• **SOURCE INFORMATION**:
····················
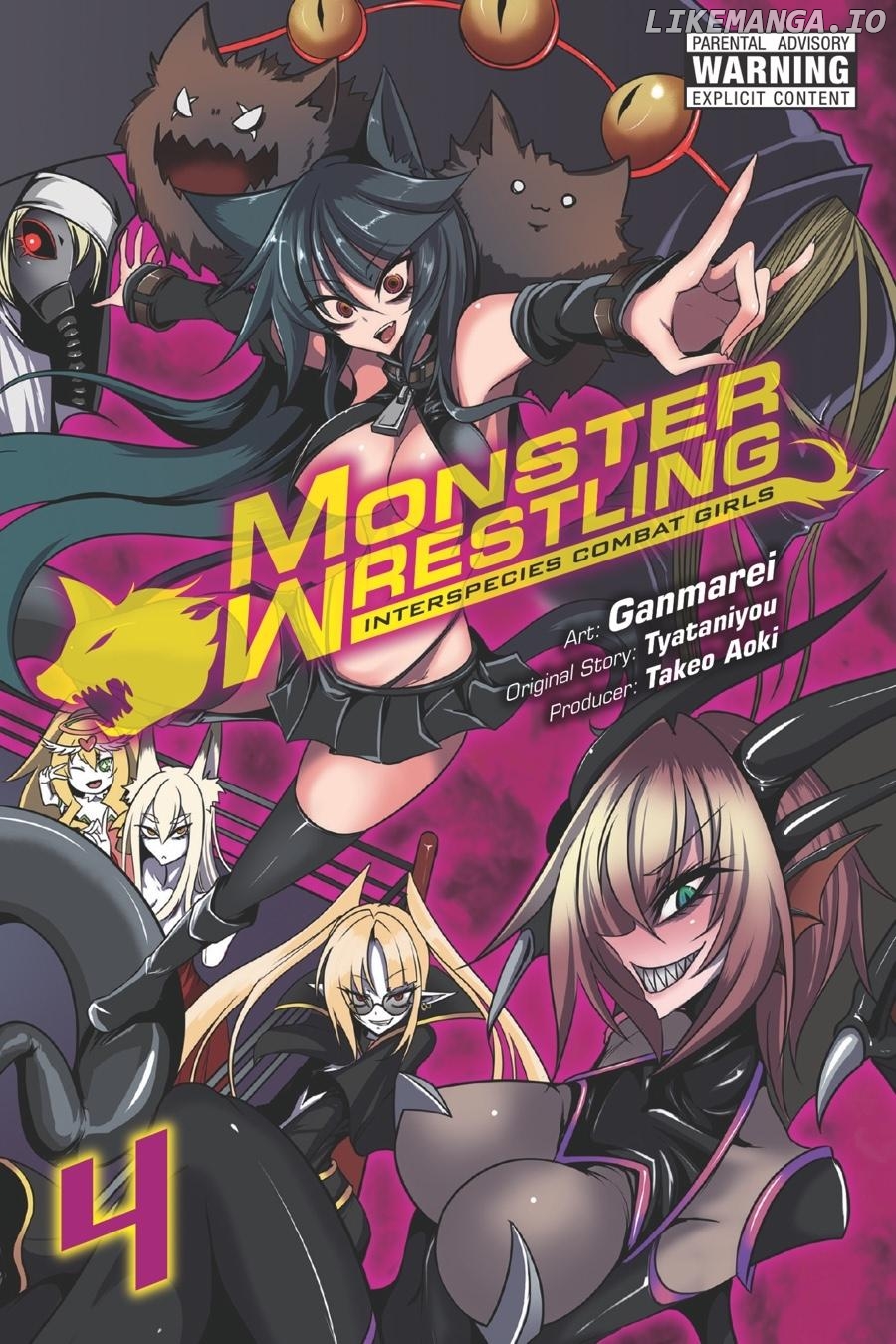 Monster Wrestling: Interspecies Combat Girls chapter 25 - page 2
····················
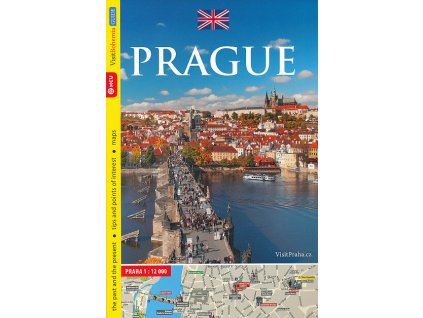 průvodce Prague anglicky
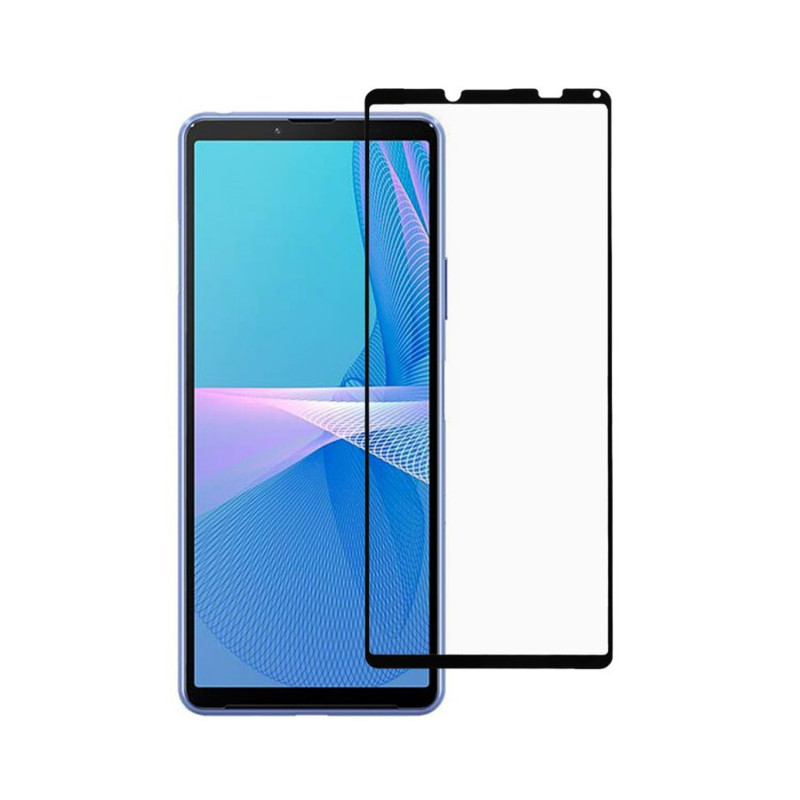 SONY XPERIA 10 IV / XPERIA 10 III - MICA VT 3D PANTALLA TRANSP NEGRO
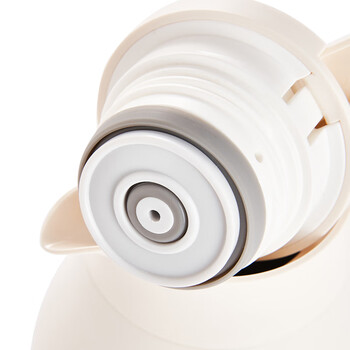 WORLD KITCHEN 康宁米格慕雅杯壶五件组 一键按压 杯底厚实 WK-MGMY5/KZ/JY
····················
• **PROBLEM**:
A word-for-word reproduction is needed of the lines above from the line containing "průvodce Prague anglicky" through the line containing "WORLD KITCHEN 康宁米格慕雅杯壶五件组", with both ends kept and no pictures.

• **ANSWER AREA**:
 průvodce Prague anglicky
 SONY XPERIA 10 IV / XPERIA 10 III - MICA VT 3D PANTALLA TRANSP NEGRO
 WORLD KITCHEN 康宁米格慕雅杯壶五件组 一键按压 杯底厚实 WK-MGMY5/KZ/JY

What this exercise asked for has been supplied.